The western United States, from Washington down and around to New Mexico, is facing the largest risks of blackouts in history. California was bad enough last year.
As Malik, Baker and Chediak discuss in Bloomberg Green, “The specter of blackouts highlights a paradox of the clean-energy transition: Extreme weather fueled by climate change is exposing cracks in society’s move away from fossil fuels, even as that shift is supposed to rein in the worst of global warming.”
“States shuttering coal and gas-fired power plants simply aren’t replacing them fast enough to keep pace with the vagaries of an unstable climate, and the region’s existing power infrastructure is woefully vulnerable to wildfires (which threaten transmission lines), drought (which saps once-abundant hydropower resources) and heat waves (which play havoc with demand).”
It’s even worse as California and other states shut nuclear plants, replacing them with gas. Or hopes and dreams. Shuttering coal plants has meant most of these states have to import electricity from their neighbors, a temporary move that only makes matters worse because the amount available to export dwindles as those neighbors have less and less to give. Presently, no western region generates enough electricity to meet high periods of demand, and all rely on imports to avoid blackouts.
So what happens when all these states experience droughts, wildfires and record heat at the same time? Like what will probably happen this year?
Bad things will happen.
Of course, everyone is assuming bad things will happen this year and already electricity prices are soaring, up three or four times what they were last year, as we anticipate the shortages that will likely occur. Except in regulated markets like much of Washington State.

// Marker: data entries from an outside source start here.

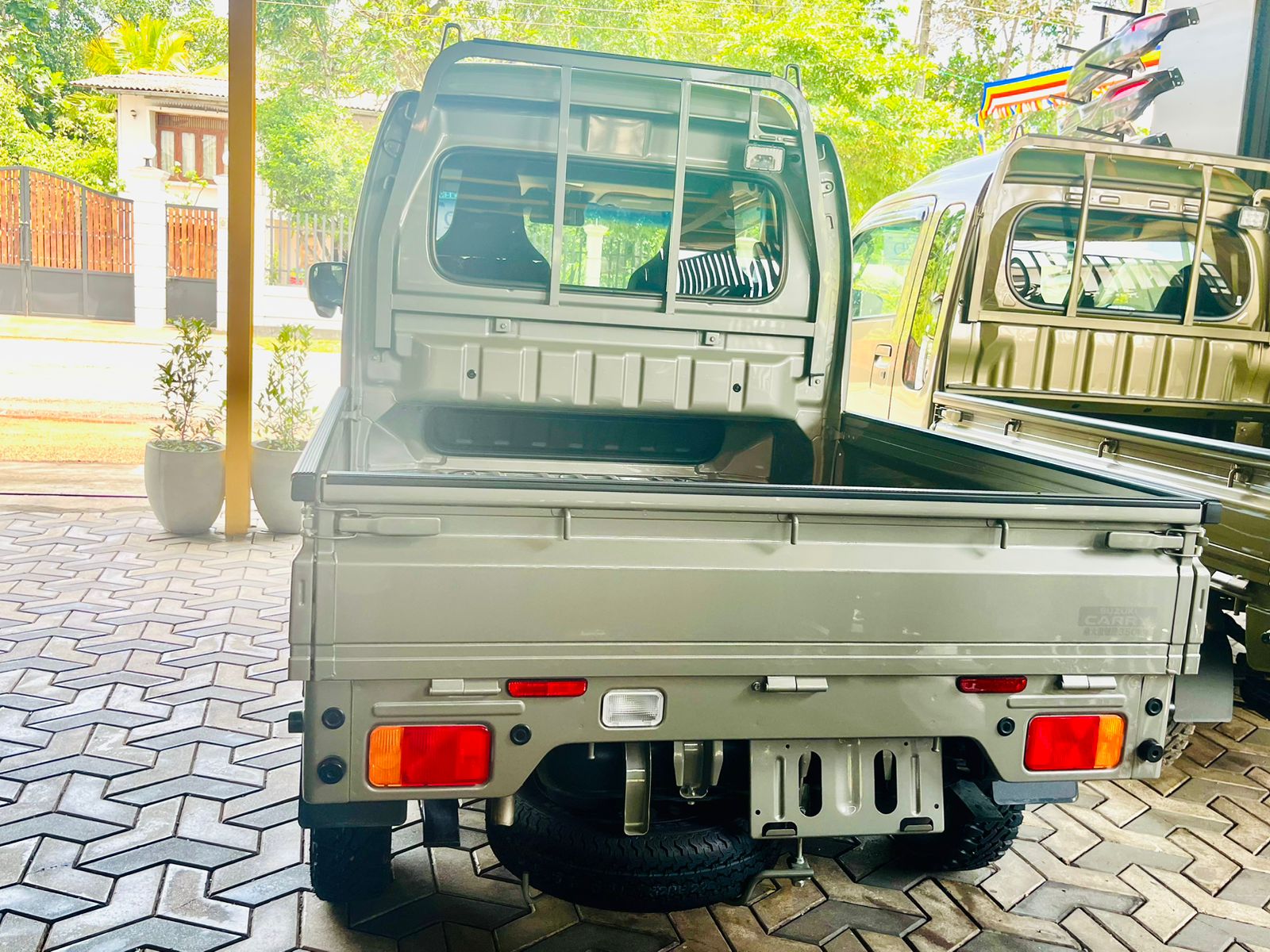 Suzuki Carry 2025 - சான்றளிக்கப்பட்டது டிரக் sale in Sri Lanka - patpat.lk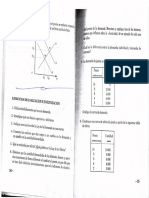 Ejercicios Economia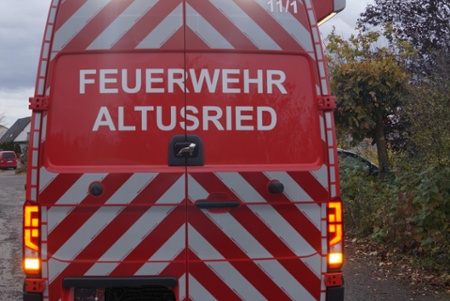 MZF - Altusried, Ort/Kunde: , Fahrzeug:, Typ: 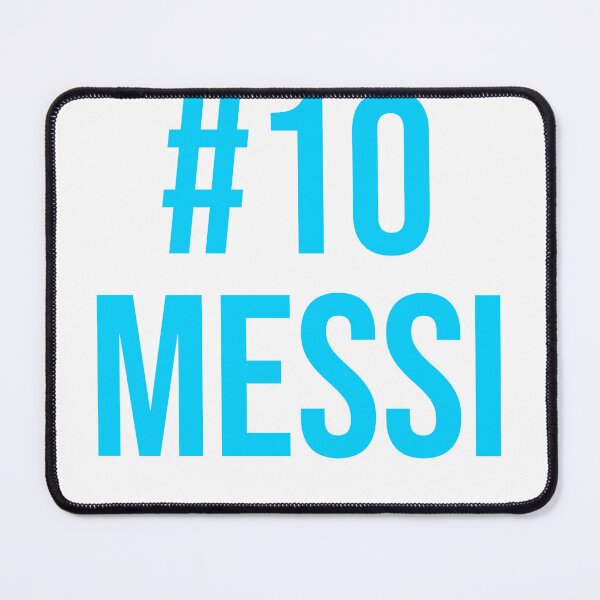 Item preview, #10 Messi designed and sold by CMHerd.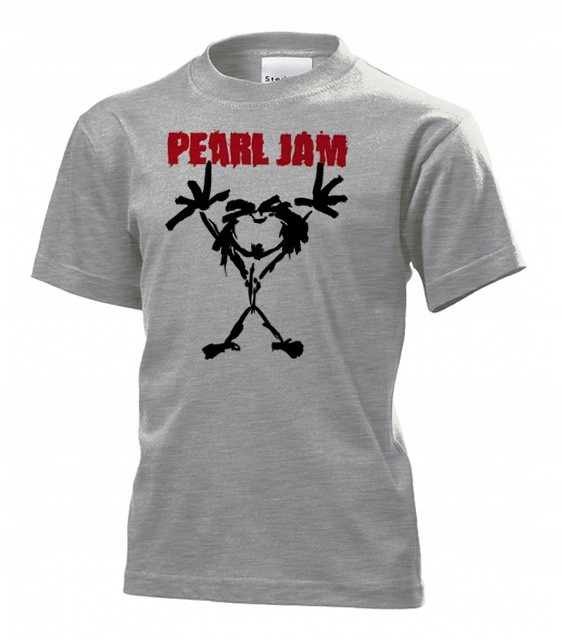 

Koszulka dziecięca Pearl Jam Xs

California is probably in the worst place. It’s in the second year of their most recent drought. Much of the state’s reservoir storage is only at half normal, dangerously low as they enter another serious wild fire season.

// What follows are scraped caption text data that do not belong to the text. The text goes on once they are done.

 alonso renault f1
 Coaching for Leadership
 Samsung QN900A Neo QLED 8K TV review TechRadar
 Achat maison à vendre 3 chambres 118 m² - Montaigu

Northern California has received not even half the average historic precipitation for this time of year and, so far, this is the 3rd driest water year on record. And there isn’t likely to be any more precipitation of significance until the fall. So hydropower will dry up somewhat as well.
Statewide snowpack is about 30% of average for this date. Temperatures have been warmer than average, and warmer temperatures increase evaporation and dries out soil much more quickly, further reducing streamflows, groundwater recharge, and stressing already-dry forests and aquatic ecosystems.
The major Sacramento Valley reservoirs are all quite low. Shasta, Oroville, Folsom, and New Bullards Bar are all lower today than they were on this date in any year of the 2012-2016 drought. This is disturbing since Shasta ran out of cold water early in 2014 and 2015, killing about 95% winter run juveniles. The present drought appears to be even worse.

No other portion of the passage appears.